Different Routes to The End


by Sandra Parshall  

Ernest Hemingway once told an interviewer that he rewrote the last page of A Farewell to Arms 39 times before he was satisfied. The interviewer asked what it was that stumped him for so long. Hemingway replied, “Getting the words right.” He did not, of course, add: Duh.

That’s all revision involves: getting the words right. So simple.


But every writer goes about it in a slightly different way, and I find those variations endlessly fascinating. Recently, when I did a library program with several writer friends I’ve known for years, I was thunderstruck by Ellen Crosby’s revelation that she literally starts over with each new draft. As in blank screen. As in not reworking what was in the previous draft. No cutting and pasting, made so easy by the use of a computer. Each draft is a fresh version of the story. “It’s like writing three books a year,” she said.

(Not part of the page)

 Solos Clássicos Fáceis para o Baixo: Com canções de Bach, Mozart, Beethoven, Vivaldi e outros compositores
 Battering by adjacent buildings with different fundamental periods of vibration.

Now that’s a really different approach.

But why? Why would any author engage in such exquisite self-torture? Because it works for her. I can’t argue with the results. Her Virginia Wine Country Mysteries (The Sauvignon Secret is next, in August) certainly don’t read as if they were produced under torturous conditions. The very thought of working that way makes me feel faint, but that’s Ellen’s approach to revision, and who am I to question it?

Some writers revise as they go, and when they leave a chapter it is finished. To do this, you have to be sure of the story’s direction, positive you have the characters just right. For a lot of mystery writers that wouldn’t work, because our plots have a tendency to grow tentacles that reach into previously unsuspected places, and if we tie ourselves too rigidly to a preconceived outline we’ll miss the good stuff that makes a story special. So we may do a certain amount of planning and outlining, then turn our imaginations loose on the characters and story and go back to clean it up – revise it – after we have a complete draft.

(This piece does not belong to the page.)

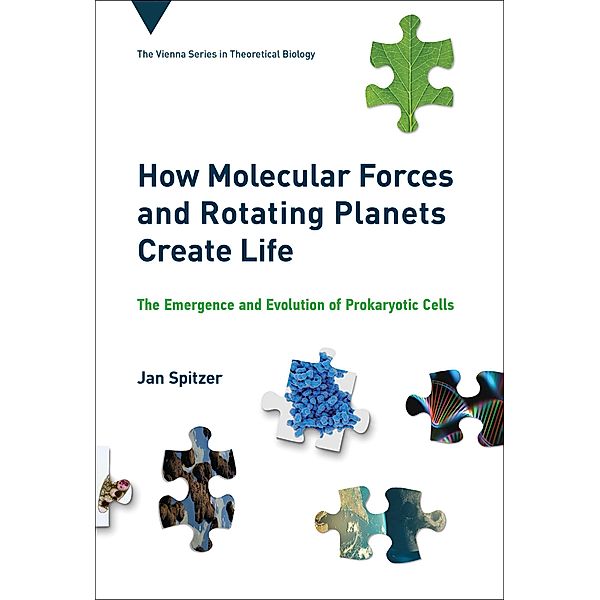 How Molecular Forces and Rotating Planets Create Life / Vienna Series in Theoretical Biology, Jan Spitzer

Some mystery writers are truly brave souls and leave essential research for the second draft. That can wreak havoc when they discover a fatal, so to speak, flaw in their choice of murder weapon or location and have to come up with something totally different.And if they change their minds about who the killer is, they have to comb the manuscript for references and clues that must be altered.

Personally, I enjoy revision. It’s the first draft that I hate. The single most terrifying time in writing a book is the moment when I sit at the computer and tell myself that I must begin. I have to write something, anything. One sentence. GET STARTED. I type out a sentence and sit there in despair, certain this is the only sentence I will be able to produce. But I keep going. I refuse to worry about typos, about unfinished thoughts, about paragraphs that don’t make sense. I will fix all that later, and I will enjoy doing it. Out of this mess I will carve a novel. But first I have to create the mess.

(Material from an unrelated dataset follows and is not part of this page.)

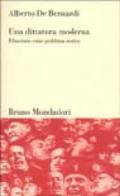 Dittatura moderna. Il fascismo come problema storico (Una)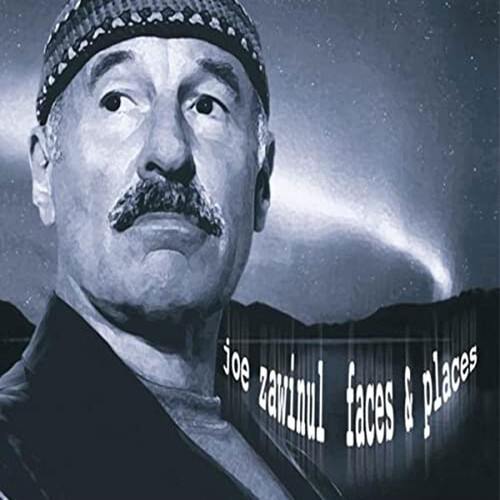 Zawinul Joe - Faces & Places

P.D. James once made a statement that I find more than a little spooky because it puts into words a feeling I’ve always had about my own writing: “It's as if the characters exist already, their story, everything about them is in some limbo of my imagination and I'm getting in touch with them and getting the story down in black and white, rather than inventing any of it. So it does feel as if it's a process of revelation rather than creation and one which is not really within my own volition.”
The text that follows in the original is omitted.